1 Overview of the System

ALARMS processes the alarm messages from various devices that collectively control the Fermilab Tevatron operation. An alarm is a generic term indicating anything from the report of a device failure that stops the beam to a mere informational message that can be removed from display after a few seconds without much consequence. Perfect ALARMS will deliver all these messages to the intended consumers.

ALARMS is a system of distributed software components in an OS neutral environment. An obvious benefit of distributed computing is one can modify a part without affecting the rest of the system. The main part of ALARMS can be divided into 4 different functional units. Their tasks are (1) interaction with front-end computers, (2) database look-up for device properties, (3) build alarm messages for consumers, and (4) distribute messages to interested parties. While the first 3 tasks are performed in 3 separate processes on an UPS backed up node the last component is distributed over 50 plus nodes. The division of tasks roughly coincides with the division of communication methods and sources. See schematics below for illustration.

The auxiliary part consists of a suite of utility programs that inspect the alarms, monitors the ALARMS processes itself, and provides various alarms statistics for applications. Some components can talk with other programs over the network. The suite also includes a Java application program for alarm display that communicates with distributor nodes (above task 4), and with front-end computers.
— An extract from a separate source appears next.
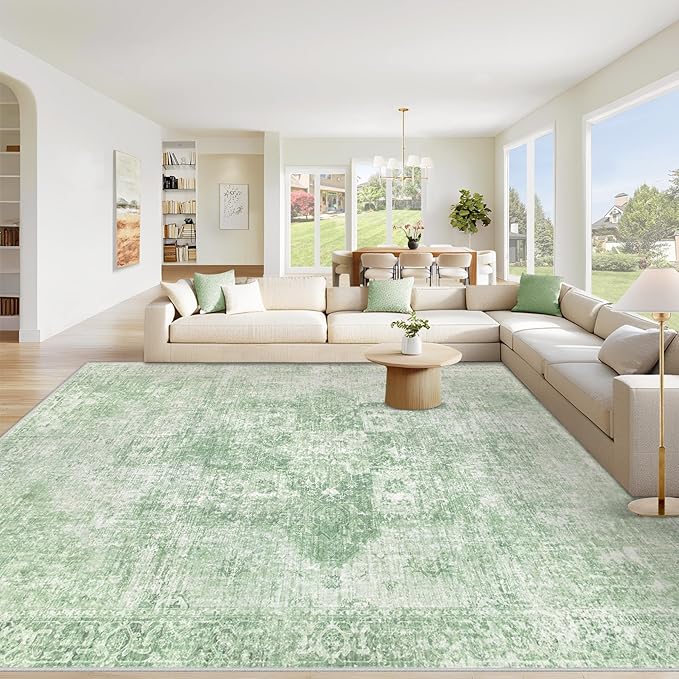 Area Rug 10x14 Washable Rug, Vintage Boho Medallion Rugs Non-Slip Soft Low Pile Large Distressed Rug Indoor Retro Carpet for Living Room Bedroom Dining Room Home Office (SageGreen, 10'x14')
ALARMS exploits the benefits of distributed computing at all levels. Each component of ALARMS makes use of threads extensively. The utilization of threads helps write a cleaner and easily maintainable code. However, it demands a careful design of the software to maintain data consistency among different computers, different processes on a computer, and different threads within a process. To insure smooth flow of program and prevent process lock-up, it is necessary to assign thread priorities properly and control bi-directional inter-process I/O. A little bit of experimentation was needed to determine the optimal relative priorities of threads.

2 ALARMS_DRIVER

ALARMS_DRIVER is the component that directly communicates with front-end computers via Fermilab developed ACNET protocol. Only one copy of DRIVER runs on a designated node. DRIVER initiates the whole ALARMS system activities and flow of alarm messages.

DRIVER launches 2 subprocesses and establishes pipe connections among itself and the 2 subprocesses: ALARMS to process alarms, and ALARMS_DB to access the device database. DRIVER exits then either of the two subprocesses exits.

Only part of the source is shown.